Favorite fiction titles from 2016

The first 50 weeks of 2016 are now memories. We’re sharing lists of our best things from the past year. Here are my favorite novels from 2016.

”The Heavenly Table” by Donald Ray Pollock (Doubleday, 365 pages, $27.95)

Donald Ray Pollock’s first book, “Knockemstiff,” was a story collection that announced: watch out, Donald Ray Pollock has arrived. His next book, “The Devil All the Time,” was his first novel. It took Pollock a while to wrestle that manuscript into submission. He was accustomed to writing short stories and the novel form presented challenges.

One of the story lines in “The Devil All the Time,” was that of a pair of serial killers, a husband and wife team who roamed our nation’s highways hunting for unlucky hitchhikers — young men mostly, who were then lured to their deaths by this sadistic duo. Pollock seems to have a thing for serial killers.

His new novel is “The Heavenly Table” and there’s a serial killer in it, too. But he’s only a minor character, a mere paperweight in the form of a bludgeon. The central characters in this devilish yarn are a trio of brothers who decide to become criminals. The only one who can read had been entertaining them with tales from a pulp novel and that book becomes the inspiration for their descent into lives of crime.

The characters in Pollock’s stories orbit around the Chillicothe area where Pollock grew up and where he still resides. The fictional city of “Mead” is named after the paper mill where he labored for years.

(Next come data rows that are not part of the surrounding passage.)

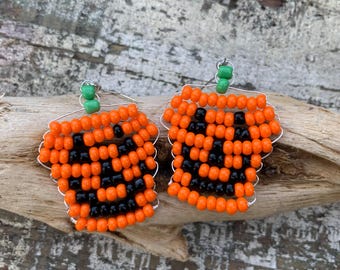 May include: A pair of handmade earrings crafted from orange and black seed beads arranged to form a jack-o'-lantern pumpkin face. Each earring features a small green bead at the top, representing the stem, and is attached to a silver-toned wire hook.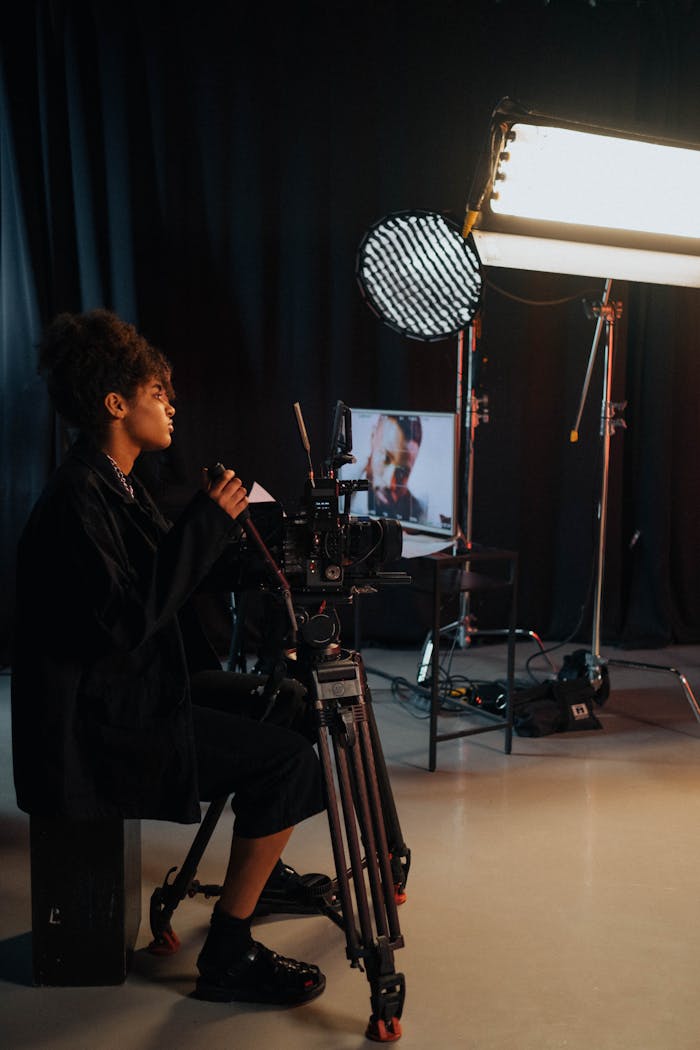 Videographer operating camera in a dark studio with lighting equipment and monitors.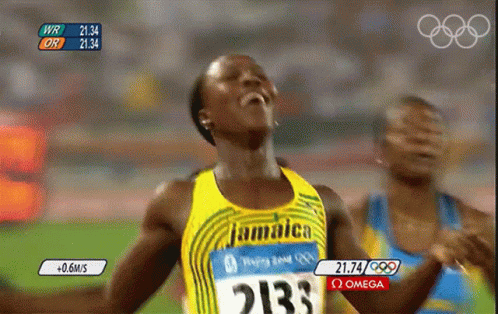 A Woman Wearing A Jamaica Jersey With The Number 2133 On It GIF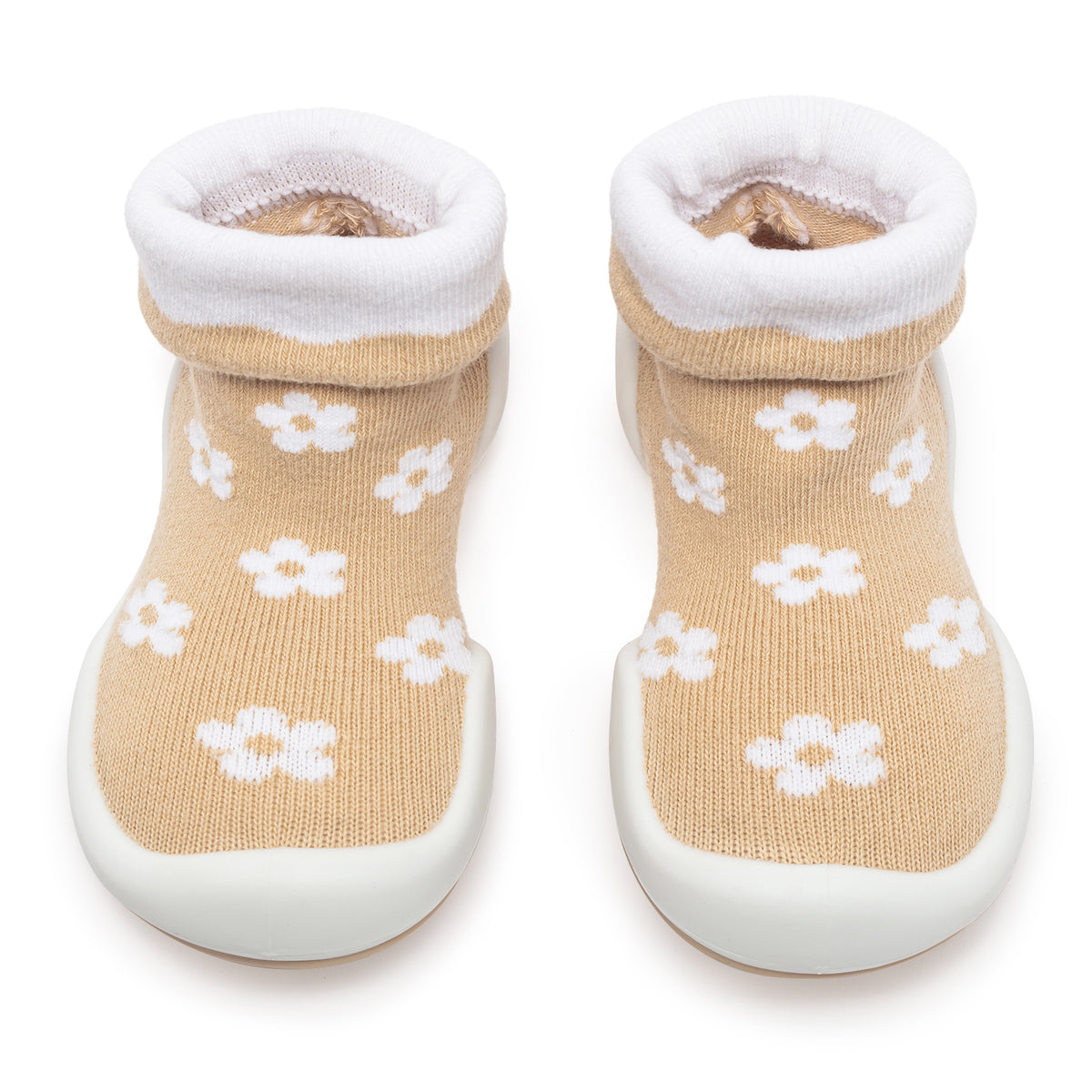 Two tan baby sock shoes with white floral pattern and white soles.
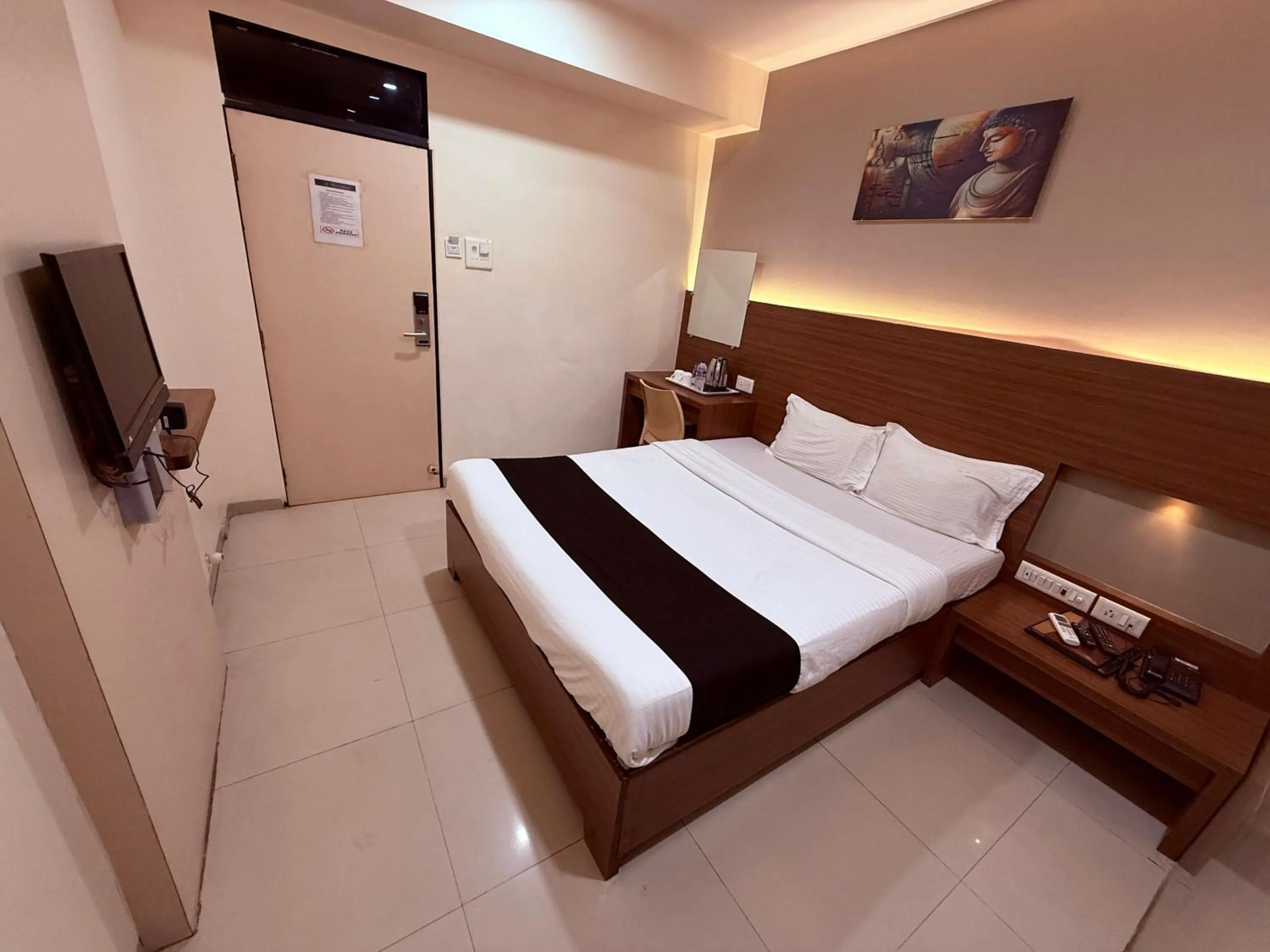 Bed in Hotel Alka Residency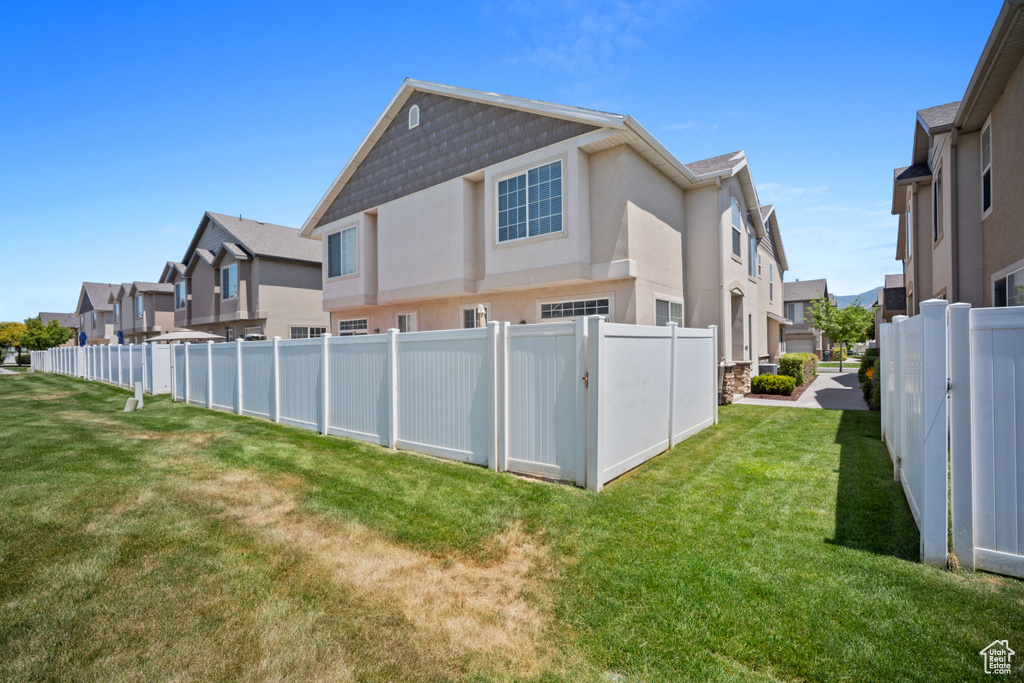 Rear view of property with a residential view and stucco siding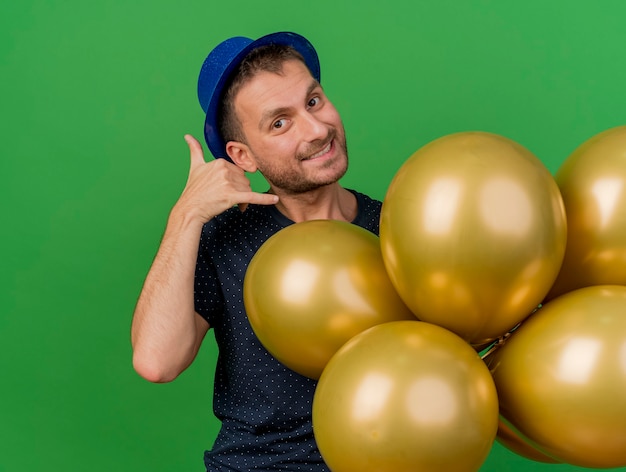 Sonriente hombre caucásico guapo con gestos de sombrero de fiesta azul me llaman firmar y sostiene globos de helio aislados sobre fondo verde con espacio de copia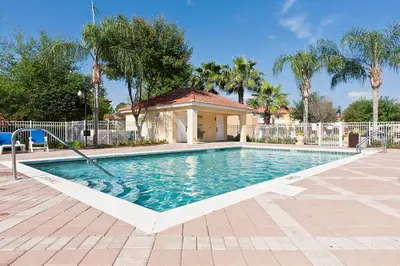 a swimming pool with a gazebo in a yard at 3Br 3Bath Private Townhome 10min Disney 1270ft in Kissimmee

This new novel is a fast-paced yarn set during World War I. It is rambunctious, darkly humorous and thoroughly entertaining.

“The Summer That Melted Everything” by Tiffany McDaniel (St. Martin’s Press, 310 pages, $25.99)

Tiffany McDaniel is another writer from southern Ohio. Her first published book, “The Summer That Melted Everything,” is set in 1984 in the fictional town of Breathed, Ohio. This is the story of a family that welcomes the devil into their home. With the devil around, things start to heat up. McDaniel writes like an angel. Donald Ray Pollock has praised this book. He calls it “the first truly great gothic coming-of-age novel of the 21st century.”

“The Passenger” by Lisa Lutz (Simon and Schuster, 302 pages, $15.99)

A woman flees from her home after her husband takes a bad fall and dies. Why is she running? Did she kill him? She spends most of the book as a fugitive employing a string of false identities. Who is she? What is she trying to hide? Who is trying to find her? In “The Passenger,” Lisa Lutz has penned an exquisitely perfect mystery.

“Under the Harrow” by Flynn Berry (Penguin, 219 pages, $16).

For her debut novel, Flynn Berry has created a startling whodunnit. A woman named Nora travels by train from London to visit her sister at her country home. When Nora arrives she finds that her sister has been brutally murdered. Nora is determined to identify her sister’s killer. Before she can do that she has some personal issues to resolve. This story is haunting, atmospheric, and so very clever.